## Task brief
Could you return every record below exactly as it stands, leaving out the pictures?

## Available records
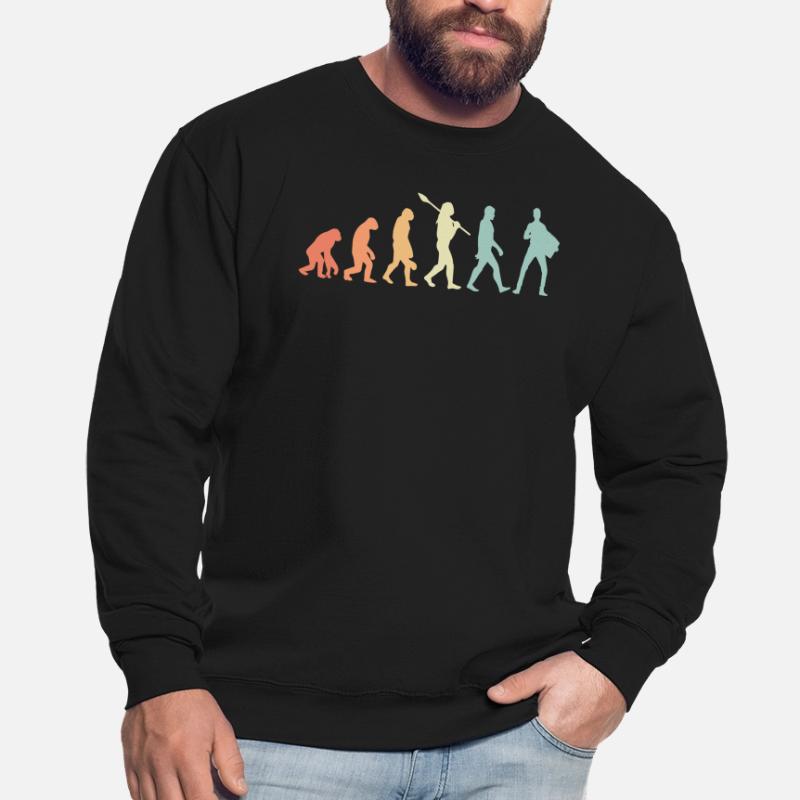 Akkordeon Retro Evolution Unisex Pullover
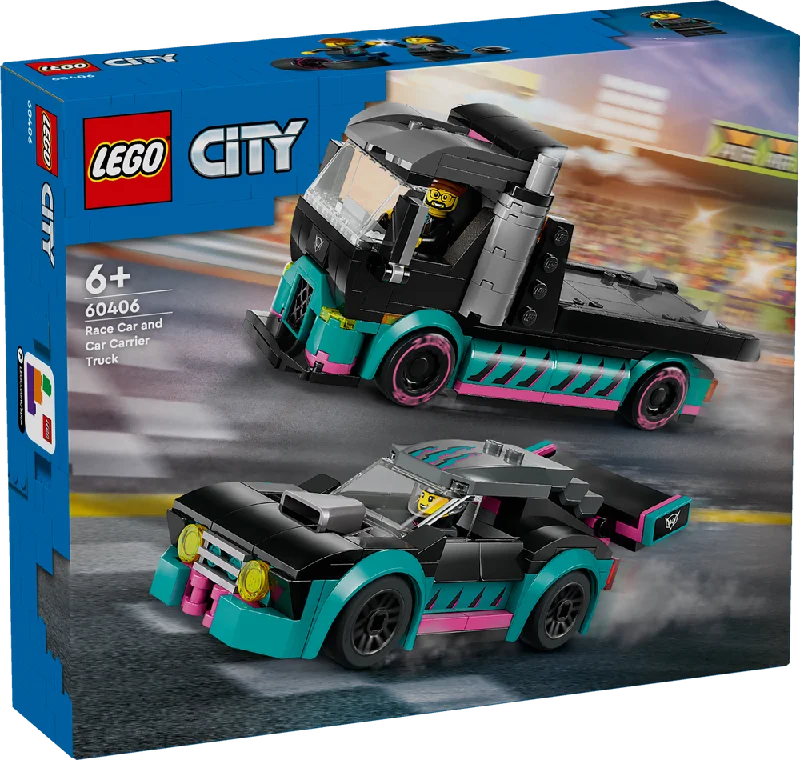 LEGO CITY Race Car and Car Carrier Truck 60406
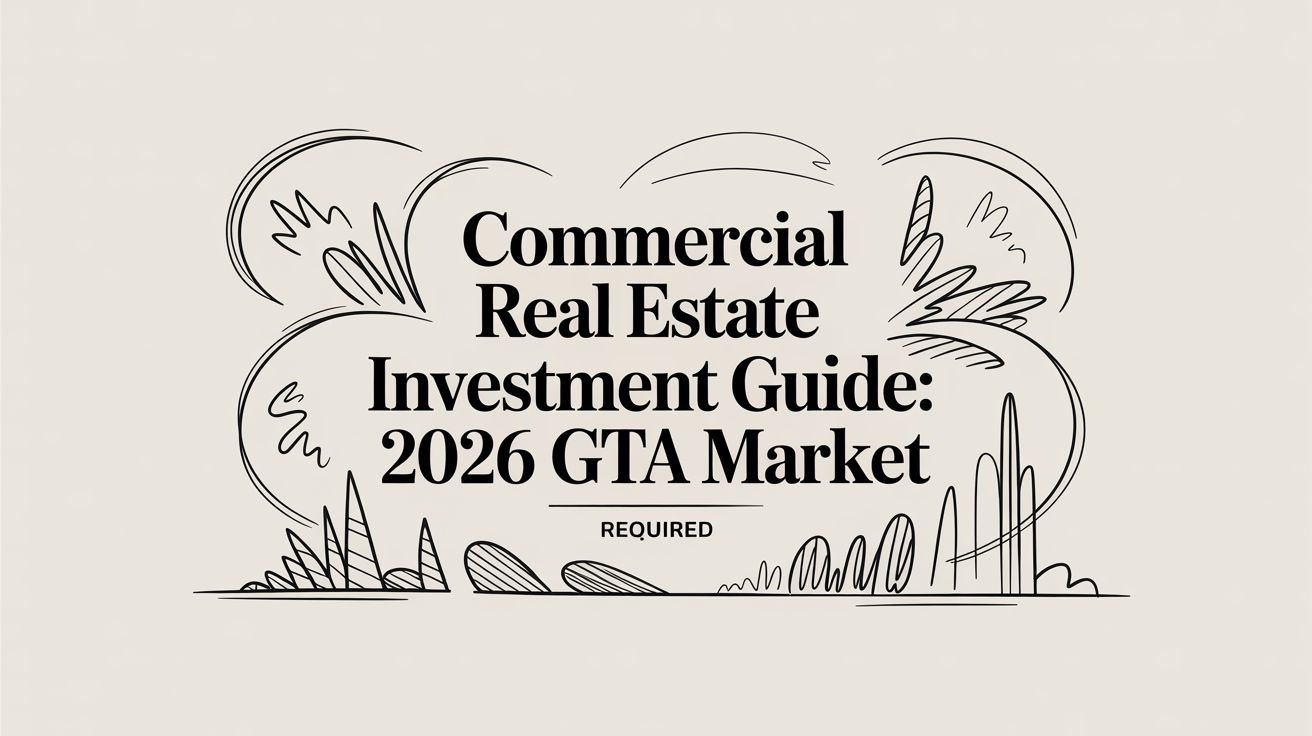 Commercial Real Estate Investment Guide: 2026 GTA Market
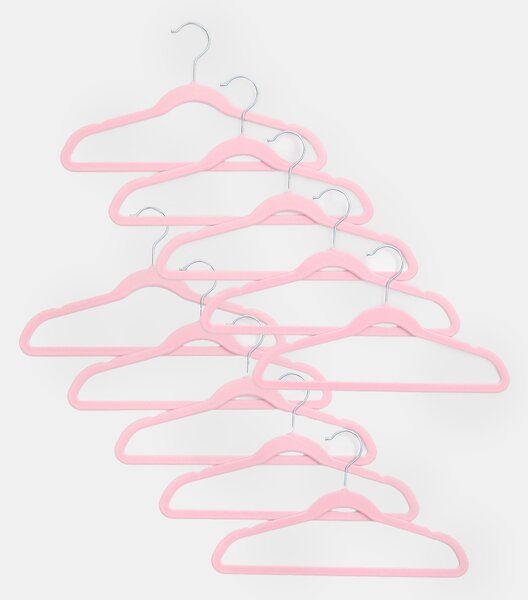 Sinsay - 10 darab vállfa - pasztellpink
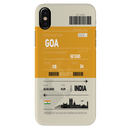 Goa ticket Printed Slim Cases and Cover for iPhone X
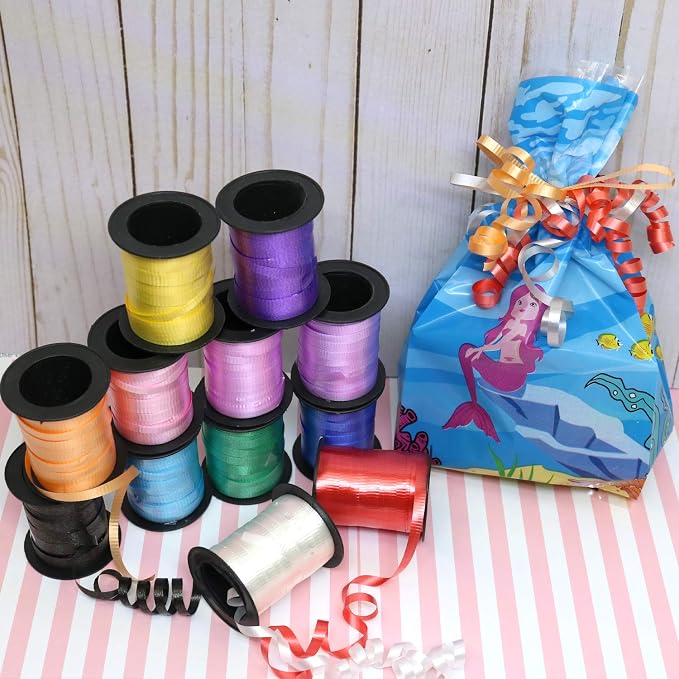12 Rolls Crimped Curling Ribbon Balloon Strings, 3/16" x 720 Ft - Image 5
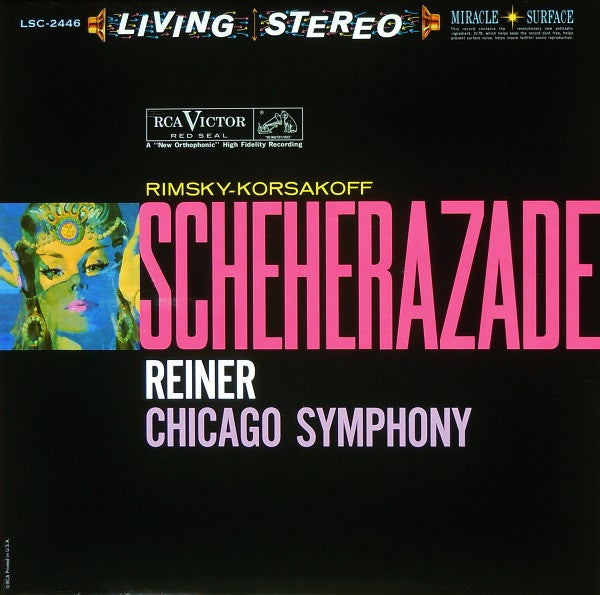 Image of Front Cover of LP - VG+/VG+ - FRITZ REINER, CHICAGO SYMPHONY ORCHESTRA, Rimsky-Korsakoff: Scheherazade (Analogue Productions; AAPC 2446, US 2013), ,  - 3726356E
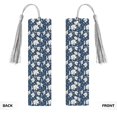 thumbnail image 2 of Kdxio Lilies Flowers Print Metal Tassel Bookmarks,Perfect Gift for Art Lovers and Bookworms Metal Bookmarks for Women, 2 of 8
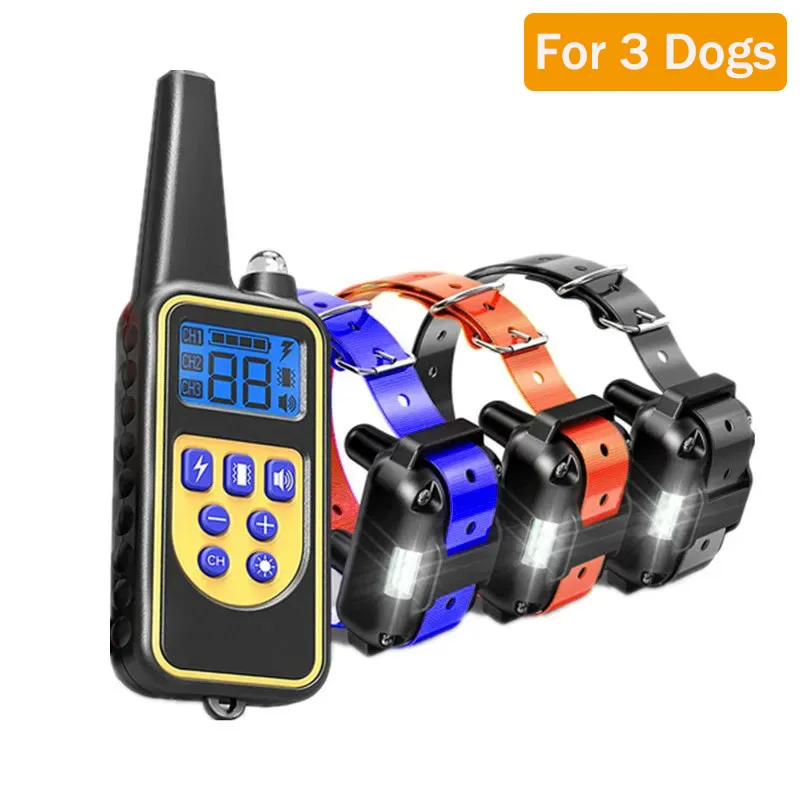 Electric Dog Training Collar Waterproof Dog Bark Collar Pet With Remote Control Rechargeable Anti Barking Device All Dogs Size - Imagen 9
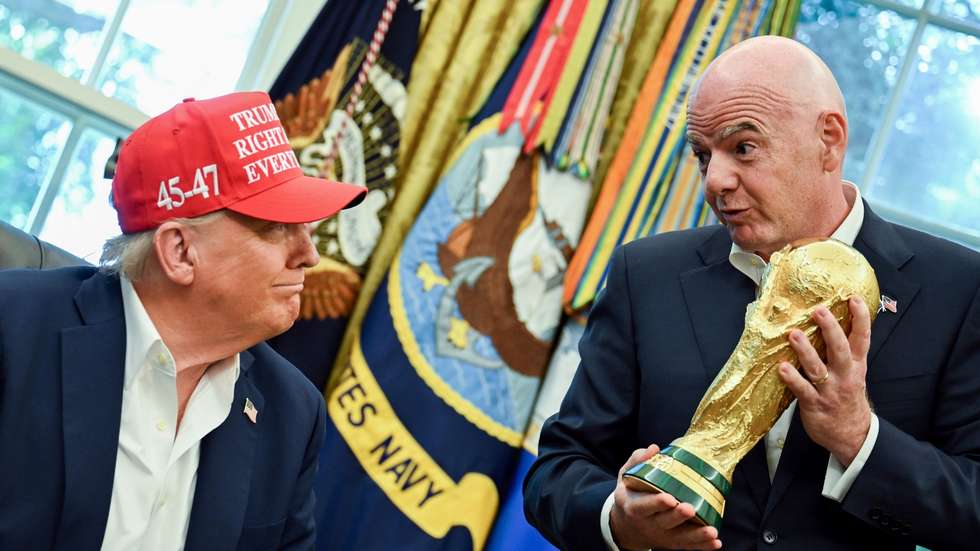 Trump ligou a Infantino na quinta-feira sobre as regras da FIFA em relação ao cartão vermelho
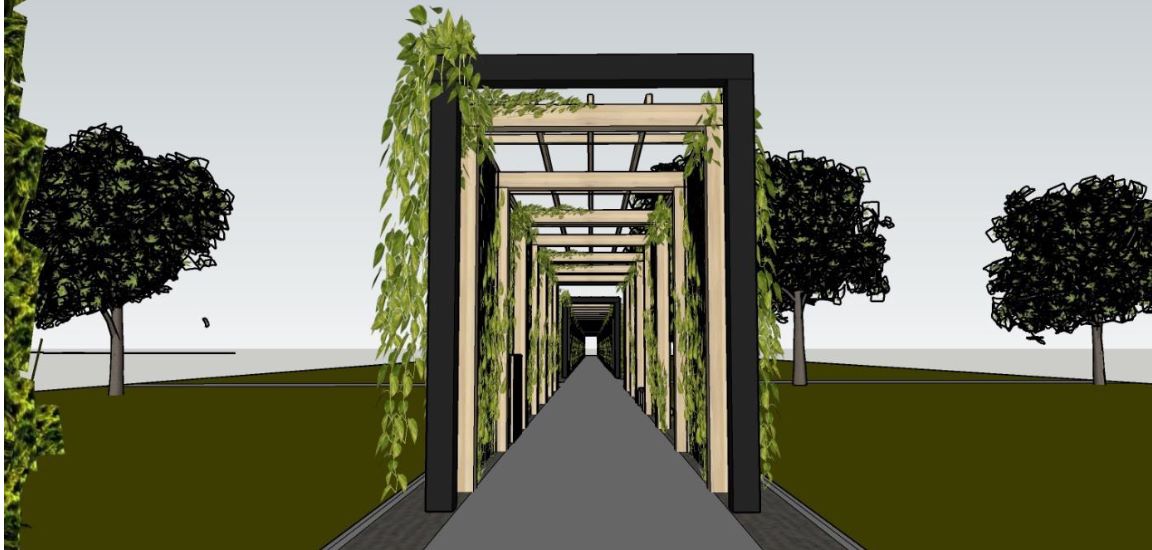 Nowa pergola na Cmentarzu Komunalnym Wartogłowiec: symboliczne przejście i zieleń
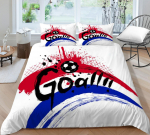 3D jalgpallisarja voodipesukomplekt Spordi tekikate ja padjap&uuml;&uuml;r 2/3 t&uuml;kki EU135 * 200 t&auml;issuuruses pehme masinpestav kodukaunistus Baby 100x135cm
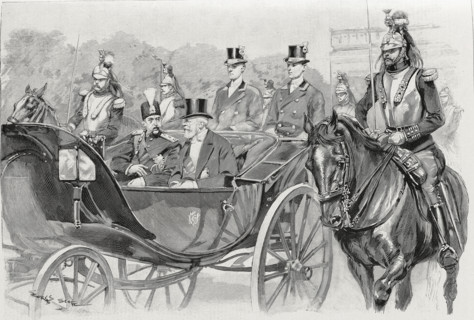 The Shah of Persia's official visit to France, 1900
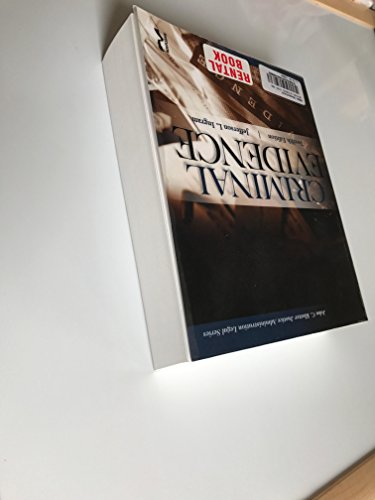 Criminal Evidence (John C. Klotter Justice Administration Legal Series)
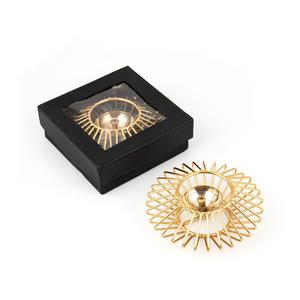 Decorative Akhand Brass Diya Oil <b>Lamp</b> with Stand Golden Finished Traditional Puja Diya for Home Temple Diwali Spiritual Decor - Product Image 1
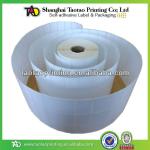 customk adhesive rolled blank label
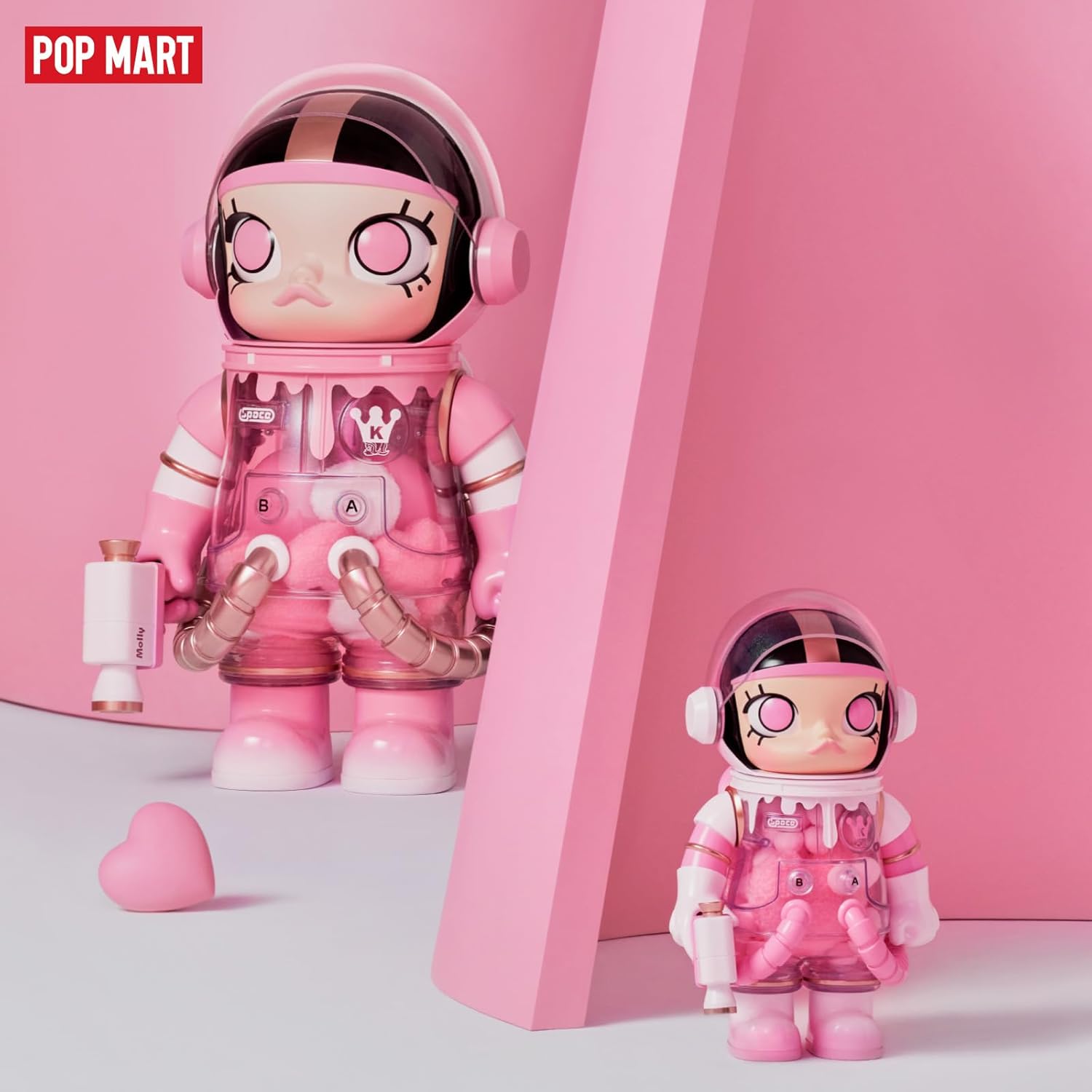 POP MART MEGA Space Molly 400% Heartfelt Words Collection Figurine, 11.6 Inch Height, Toys for Modern Home Décor, Collectible Art Toy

## Output for this exercise
 Akkordeon Retro Evolution Unisex Pullover
 LEGO CITY Race Car and Car Carrier Truck 60406
 Commercial Real Estate Investment Guide: 2026 GTA Market
 Sinsay - 10 darab vállfa - pasztellpink
 Goa ticket Printed Slim Cases and Cover for iPhone X
12 Rolls Crimped Curling Ribbon Balloon Strings, 3/16" x 720 Ft - Image 5
 Image of Front Cover of LP - VG+/VG+ - FRITZ REINER, CHICAGO SYMPHONY ORCHESTRA, Rimsky-Korsakoff: Scheherazade (Analogue Productions; AAPC 2446, US 2013), ,  - 3726356E
 thumbnail image 2 of Kdxio Lilies Flowers Print Metal Tassel Bookmarks,Perfect Gift for Art Lovers and Bookworms Metal Bookmarks for Women, 2 of 8
 Electric Dog Training Collar Waterproof Dog Bark Collar Pet With Remote Control Rechargeable Anti Barking Device All Dogs Size - Imagen 9
 Trump ligou a Infantino na quinta-feira sobre as regras da FIFA em relação ao cartão vermelho
 Nowa pergola na Cmentarzu Komunalnym Wartogłowiec: symboliczne przejście i zieleń
 3D jalgpallisarja voodipesukomplekt Spordi tekikate ja padjap&uuml;&uuml;r 2/3 t&uuml;kki EU135 * 200 t&auml;issuuruses pehme masinpestav kodukaunistus Baby 100x135cm
 The Shah of Persia's official visit to France, 1900
 Criminal Evidence (John C. Klotter Justice Administration Legal Series)
 Decorative Akhand Brass Diya Oil <b>Lamp</b> with Stand Golden Finished Traditional Puja Diya for Home Temple Diwali Spiritual Decor - Product Image 1
 customk adhesive rolled blank label
 POP MART MEGA Space Molly 400% Heartfelt Words Collection Figurine, 11.6 Inch Height, Toys for Modern Home Décor, Collectible Art Toy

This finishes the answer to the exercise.